What else do I need to know?
Products also need a degree of tolerance so that parts can fit together. If parts are too tight, without clearance, they will be immovable and incapable of being assembled. Various metals and plastics expand and contract based on temperature and moisture levels, so natural movement is a must. In addition, for a process like injection molding, draft angles are needed to ensure the part can be removed from its mold. Communication between a product designer and the manufacturer is needed so that tolerances can be recommended based on the manufacturing process, material and geometry of the design.
How is it defined?
Degree to which a measurement or movement in space conforms to a systematic standard or one of its derivatives.
What does that mean?
A machine doing what it says it will. For example, if a CNC machine tool is programmed to cut a piece of metal to 20mm long, then the result will be a piece of metal that is as close to 20mm in length as possible. The closer it is to 20mm the more accurate it is.
What else do I need to know?
The more accurate the better, right? Not always. CNC cutting tools are reliably accurate for most applications. However, in general, the more accurate a process needs to be, the more time and money it costs to do so.
In fact, a rough rule of thumb is that when you add a decimal place to a tolerance the cost of the machine to achieve that tolerance rises logarithmically. For example, stepping up from a general milling tolerance of +/-0.1mm to +/-0.01mm will require a much costlier machine to reliably achieve such tolerances. In this scenario, the cost of the machine needed would increase from roughly USD $50,000 to a range of USD $250,000-$500,000. To increase tolerances again from +/-0.01 to +/-0.001mm will require a multimillion-dollar machine. In fact, it is now verging on the impossible for most applications.
Increasing accuracy in one feature of a part can also sometimes lead to sacrificing accuracy in other aspects of the design. Engineers often advise that a designer should only apply one tight tolerance feature in any particular part so that the machinist doesn’t have to chase his ‘tolerance tail’ around the part. This can include a feature that is repeated a number of times in the part. All other features on the part should specify a tolerance one decimal point lower than that of the critical feature. Learning to design products this way is considered good practice.
How is it defined?
Repeatability of a measurement or action without generating random errors.
What does that mean?
A machine doing the same action the same way every time. Precision in the manufacturing process is a result of controlling the process and not deviating. While precision and accuracy are sometimes used interchangeably, they are very different. For instance, take the CNC machine tool used as an example earlier. If it is programmed to cut a 20mm piece of metal, but instead cuts it at 25mm ten out of ten times, the machine is displaying high precision, but low accuracy.

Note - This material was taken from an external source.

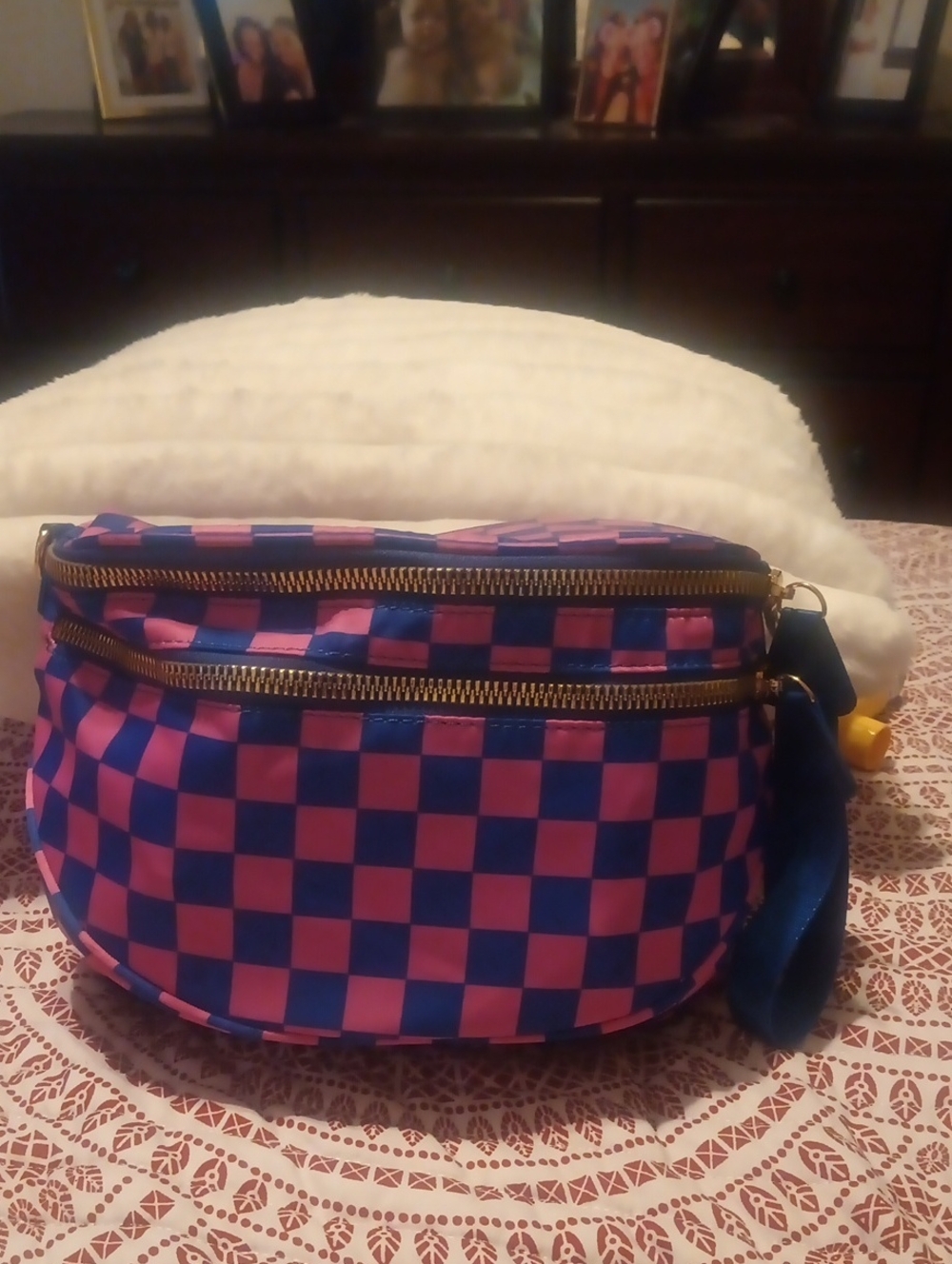 Blue and Pink Checker Crossbody Bag with Dual Zip Pockets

What else do I need to know?
The responsibility for precision is on the manufacturer. Repeatability is what customers need as they want all their produced parts to be uniform to each other. For volume production, this is one of the essential features when discussing the quality of a part. Specifying tolerance is the key to precision.
Manufacturers will continually need to take on the role of educators to ensure that parts are able to flow from the design phase to the production phase smoothly and without incident. Open communication, along with the correct use and application of important terminology, will keep everyone on the same page and benefit all parties involved.
About the Author
Gordon Styles is the founder and president of Star Rapid, a provider of rapid prototyping, rapid tooling and low-volume production services. Utilizing his background in engineering, Gordon founded Star Rapid in 2005 and under his leadership the company has expanded to 250 employees. With an international team of engineers and technicians, Star Rapid combines advanced technologies – such as 3D printing and multi-axis CNC machining – with traditional manufacturing techniques and high-quality standards. Prior to Star Rapid, Gordon owned and managed the United Kingdom’s largest rapid prototyping and rapid tooling company, STYLES RPD, which was sold to ARRK Europe in 2000.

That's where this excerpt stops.